Oh. Yes, that last bit was very helpful thanks to @Ygggdrasil .TeethWhitener said:It's not a matter of one factor dominating over another (at least not for this question). Rearrangements will happen, and stereochemical effects will happen. I unfortunately didn't think of rearrangements when I initially answered your question, but Ygggdrasil did, and his answer was therefore on the money. If you consider only rearrangements, then c will be the correct answer. If you consider rearrangements and stereochemistry, c is still correct, assuming that you start with a racemic mixture of c. If you assume that you start with one enantiomer of c, then there is no correct answer (SN1 and SN2 give different compunds in every case).
SN1 and SN2 reactions both involve the substitution of a leaving group with a nucleophile, resulting in the same product. However, the mechanisms of these reactions are different.
SN1 reactions involve a two-step mechanism, where the leaving group first dissociates to form a carbocation intermediate, which is then attacked by the nucleophile. On the other hand, SN2 reactions involve a one-step mechanism, where the nucleophile attacks the substrate while the leaving group is still attached.
The structure of the substrate can greatly affect the outcome of the SN1 and SN2 reactions. For SN1 reactions, a more stable carbocation intermediate is favored, while for SN2 reactions, a less hindered substrate is preferred to allow for easier nucleophilic attack.
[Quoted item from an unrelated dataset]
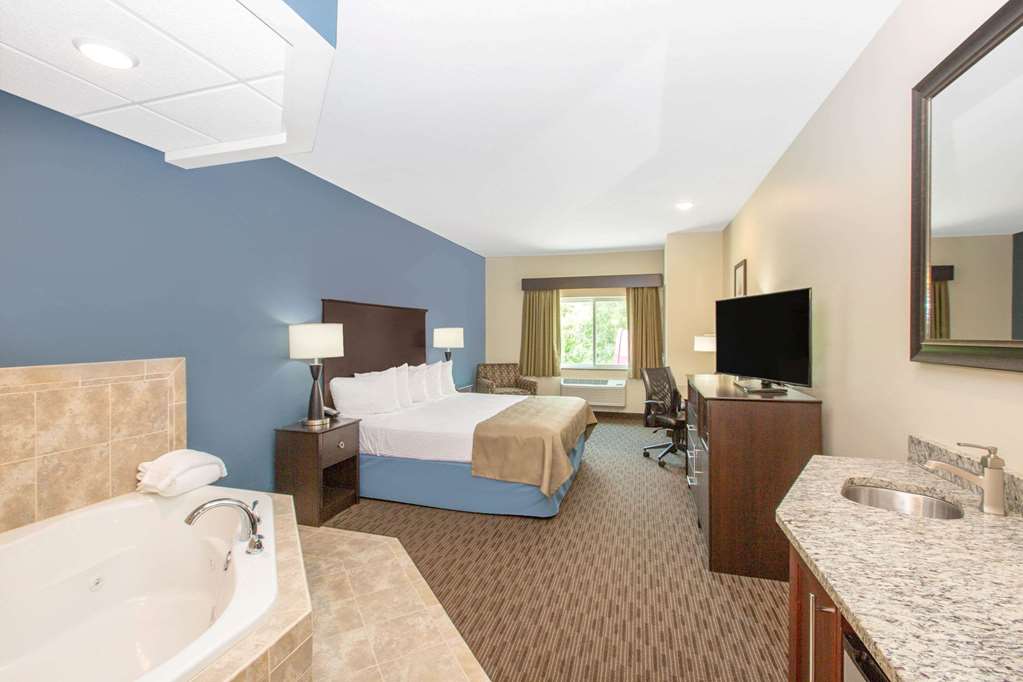 AmericInn by Wyndham Humboldt - photo 18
Yes, there are several factors that can help predict the mechanism of a reaction, such as the strength of the nucleophile, the steric hindrance of the substrate, and the solvent used. Generally, more polar solvents favor SN1 reactions, while less polar solvents favor SN2 reactions.
Yes, some compounds can undergo both SN1 and SN2 reactions, depending on the reaction conditions. For example, a primary substrate may undergo SN2 reaction in the presence of a strong nucleophile, but can also undergo SN1 reaction in the presence of a polar solvent and weak nucleophile.